Tomado pelo espanto provocado por aquela confissão, eu falei na mesma hora, em tom de brincadeira, que meu encanto por ele tinha desabado por terra. Eu jamais imaginaria que ele fosse me dizer algo do tipo. Especialmente para um professor da disciplina de Folkcomunicação e Cultura Popular. Ele se justificou afirmando que isso foi um trauma do passado, que já foi superado, que tinha sido na infância e que inclusive hoje ele é amigo do poeta Feitosa Nunes, colega dele na Rádio Campina FM. Feitosa Nunes apresenta todas das madrugadas o programa Desperta Campina, com muita poesia de viola e tal. Mas o próprio Feitosa teria comentado com meu aluno da preocupação sobre o futuro dessa manifestação da cultura popular.
Numa de suas conversas confessou para João que nos próximos quinze anos não haverá mais cantadores de viola porque as novas gerações não se interessam por cantorias e que a geração de poetas está morrendo. Eu falei que essa também é uma preocupação da minha avó, dona Nenê, que hoje tem 96 anos. Ela adora os violeiros. Tem uns quinze dias que estive lá e percebi um aparelho celular dentro de uma sacola pendurado nos cordões da rede onde ela passa boa parte do dia. Perguntei o que tinha ali e minha tia disse que era o celular pra minha avó ouvir as cantorias dela. “Passa o dia tocando e ela fica bem quietinha”. A preocupação de minha avó sempre foi com o fim das cantorias. Certo dia ela chegou pra mim e disse: Jura tá se acabando né, essas cantorias de viola? Os jovens não se interessam e os velhos estão tudo morrendo?
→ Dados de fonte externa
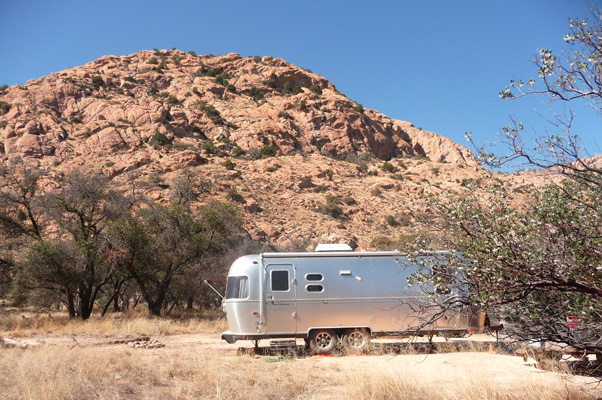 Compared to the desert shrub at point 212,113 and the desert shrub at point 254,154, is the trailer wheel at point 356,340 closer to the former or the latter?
the desert shrub at point 254,154

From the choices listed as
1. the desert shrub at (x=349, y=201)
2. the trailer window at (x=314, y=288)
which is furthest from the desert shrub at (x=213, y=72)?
the trailer window at (x=314, y=288)

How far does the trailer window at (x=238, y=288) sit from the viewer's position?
39.9 ft

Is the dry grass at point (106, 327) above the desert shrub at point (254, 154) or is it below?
below

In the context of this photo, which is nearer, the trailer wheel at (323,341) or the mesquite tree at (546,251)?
the mesquite tree at (546,251)

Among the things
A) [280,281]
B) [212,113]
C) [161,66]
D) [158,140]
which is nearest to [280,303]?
[280,281]

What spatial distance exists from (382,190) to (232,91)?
3079cm

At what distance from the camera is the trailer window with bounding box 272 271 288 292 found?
39.8 ft

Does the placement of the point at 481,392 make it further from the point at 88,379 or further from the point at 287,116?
the point at 287,116

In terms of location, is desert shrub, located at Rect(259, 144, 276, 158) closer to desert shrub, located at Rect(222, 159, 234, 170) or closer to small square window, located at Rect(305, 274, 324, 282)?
desert shrub, located at Rect(222, 159, 234, 170)

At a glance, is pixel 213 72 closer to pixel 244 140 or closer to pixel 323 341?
pixel 244 140

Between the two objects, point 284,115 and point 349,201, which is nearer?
point 349,201

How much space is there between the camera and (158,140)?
49094mm

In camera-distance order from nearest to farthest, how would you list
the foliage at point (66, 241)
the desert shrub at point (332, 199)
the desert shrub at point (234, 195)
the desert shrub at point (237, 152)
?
the foliage at point (66, 241) → the desert shrub at point (234, 195) → the desert shrub at point (332, 199) → the desert shrub at point (237, 152)

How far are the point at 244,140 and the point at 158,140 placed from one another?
1081 centimetres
Eu não soube responder a esse questionamento, mas postei, nas minhas redes sociais, o comentário da minha matriarca e na mesma hora o poeta Iponax Vila Nova, filho do grande cantador, violeiro e mestre da poesia Ivanildo vila Nova mandou o seguinte recado para minha avó: Jurani, diga a sua avó que fique tranquila. Tem uma nova geração que vai manter viva a poesia e as cantorias de viola. Eles estão inclusive muito atuantes nas redes sociais e nos canais digitais como YouTube.
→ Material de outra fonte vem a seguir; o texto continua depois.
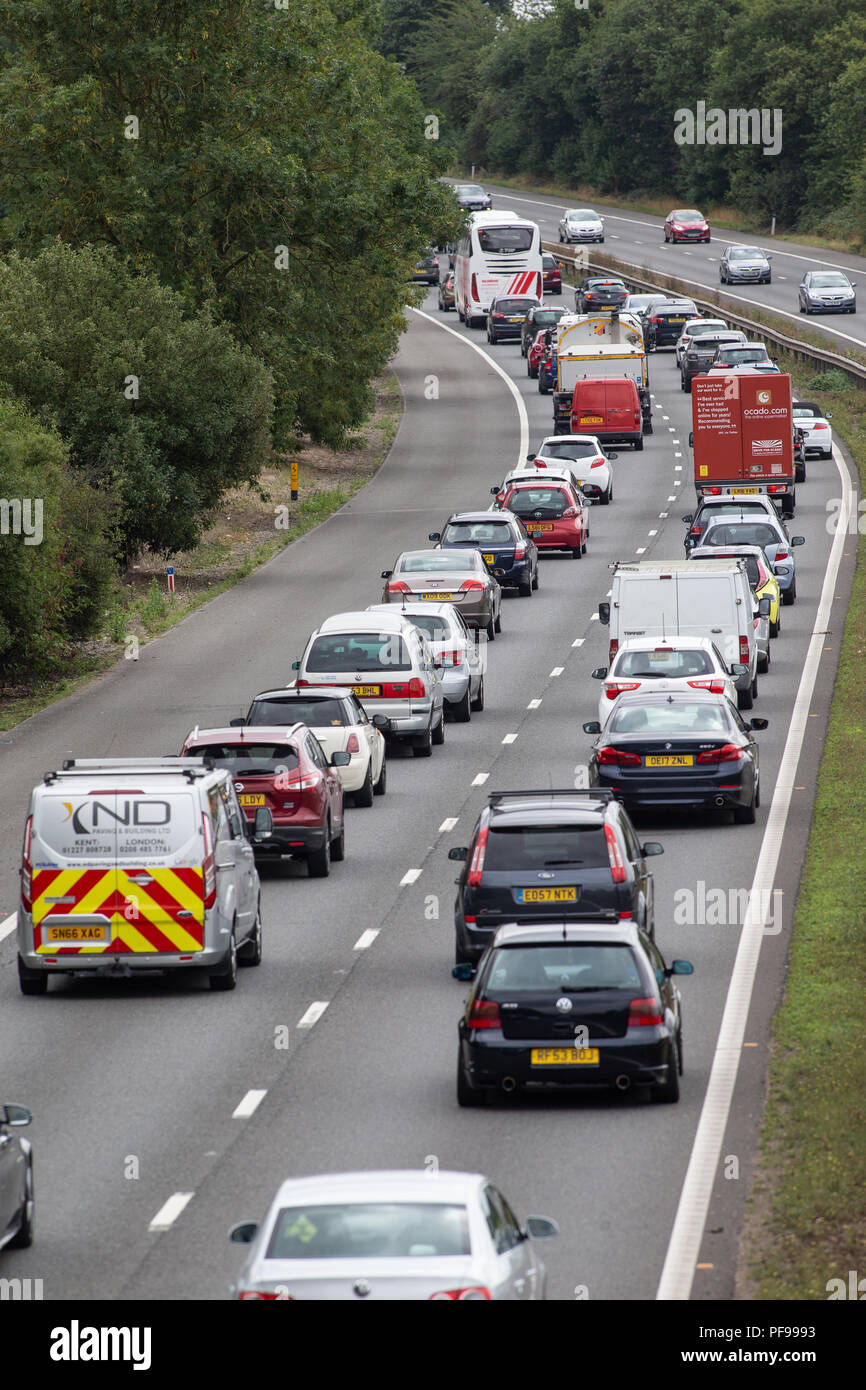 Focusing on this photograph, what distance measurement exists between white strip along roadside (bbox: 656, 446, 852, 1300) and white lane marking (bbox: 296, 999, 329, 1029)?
3.08m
Bom, esperamos que seja verdade e que a cantoria popular sobreviva a esse contexto de desilusões. Ah, meu aluno explicou que o medo dos cantadores se deu porque quando ele era criança, tinha um vizinho que acordava todas as manhãs com o aparelho de rádio no volume máximo sintonizado em programas de violeiro. E aquele canto, aquelas melodias, aquelas empostações de voz soavam estranhas e assustadoras. Eu nem deveria condená-lo por isso: ainda hoje tenho um trauma danado dos terços de penitentes exatamente porque, no período da Semana Santa, eles (os penitentes) passavam de madrugada, de casa em casa, cantando seus benditos e pedindo esmola. Era um canto fúnebre, agourento, meio sinistro e aquilo ainda hoje é um pouco assustador pra mim. Gosto deles, respeito, valorizo, já mostrei grupos de penitentes de Várzea Alegre para alunos aqui na UEPB, mas aquelas memórias da infância me perseguem até hoje.